In this video, we're going to use this timeline that you see down below to summarize the history of spontaneous generation. And so once again, we can use the following timeline to review the scientists who studied spontaneous generation. Notice that we have this timeline down below, and branching off of this timeline, we have the specific scientists that studied spontaneous generation. Here we can briefly review some of their experiments.
First, we have Francesco Reddi, who was an Italian scientist in the 1600s, and the first scientist to challenge or attempt to disprove spontaneous generation. He showed that fly eggs and maggots do not spontaneously generate from decaying meat, demonstrating that these fly eggs and maggots actually come from flies themselves. Thus, he was one of the first to disprove spontaneous generation and attempted to prove biogenesis.
But then there was John Needham, an English scientist from the 1700s, who conducted experiments to attempt to prove spontaneous generation and disprove biogenesis. He set up an experiment to show that microbial growth can spontaneously generate. However, he did not realize that his experimental setup was flawed in several different ways. As a result, the microbial growth that he observed was not actually spontaneously generating, although he thought it was.
It wasn't until Lazzaro Spallanzani came around that he pointed out the flaws in John Needham's experiment. By just tweaking Needham’s experiment by doing things such as melting the glass of the flask closed and also using longer boiling times, Spallanzani was able to show that microbial growth does not spontaneously generate. However, some scientists still felt that spontaneous generation was still a possibility and that Spallanzani was preventing some kind of vital source from the air that was needed for spontaneous generation to get into the flask.

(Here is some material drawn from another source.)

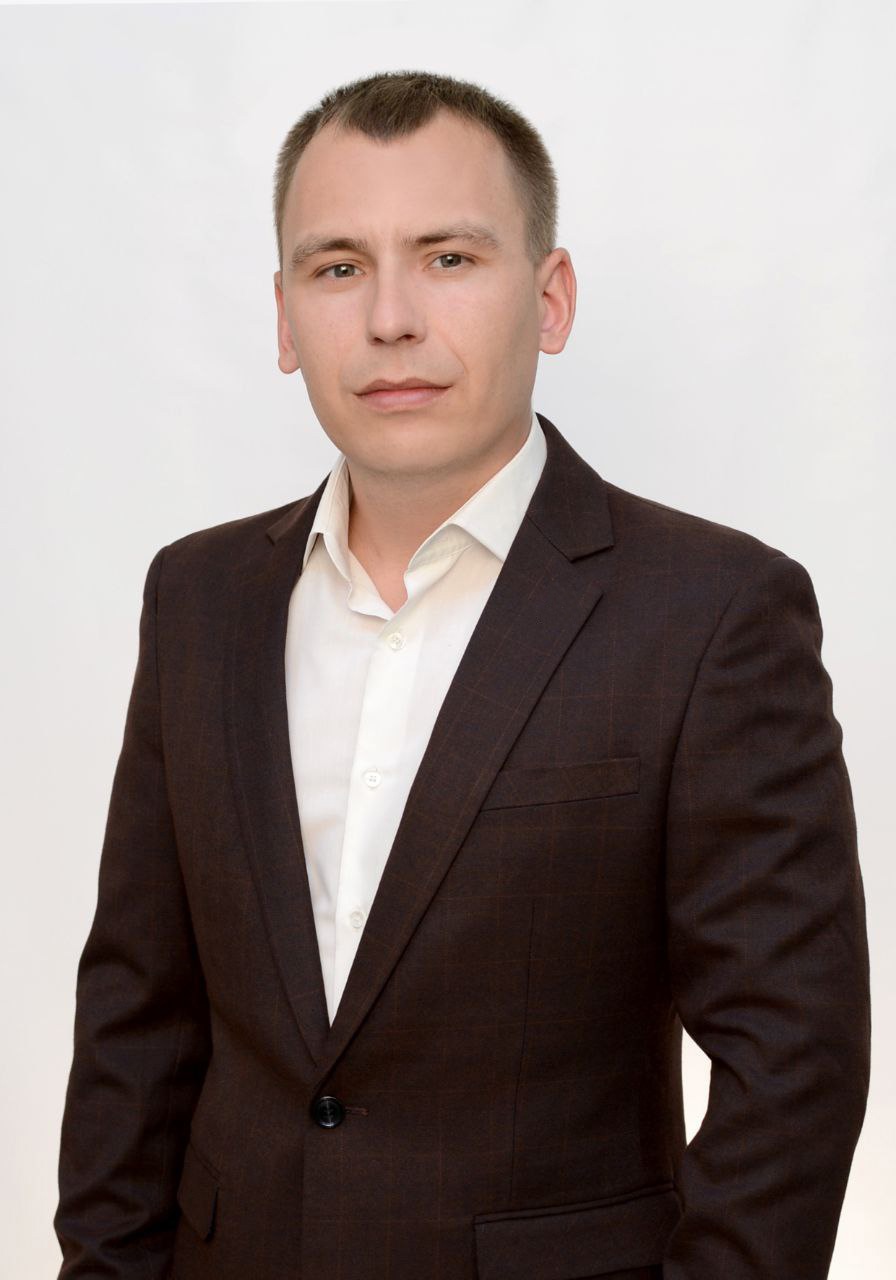 Савушкин Михаил Николаевич.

Louis Pasteur, a very clever scientist, came up with a swan neck flask that allowed that vital source from the air to get into the flask. However, it prevented microbes from the dust and air from getting into the flask, and so they got trapped in the bend of the flask. What Louis Pasteur observed was that microbial growth never showed up in this swan neck flask. Although some scientists who tried to replicate Louis Pasteur's results would still find some microbial growth in the flask.
John Tyndall was the one who came around and basically showed that there are some heat-resistant types of microbes, such as endospores, for example, that can survive in some types of broth. That was the explanation for why some scientists could not replicate Louis Pasteur's results. John Tyndall thus supported Louis Pasteur, and this essentially finally disproved spontaneous generation and proved biogenesis.
This concludes our summary of the history of spontaneous generation, and we'll be able to get some practice applying these concepts as we move forward. So I'll see you all in our next video.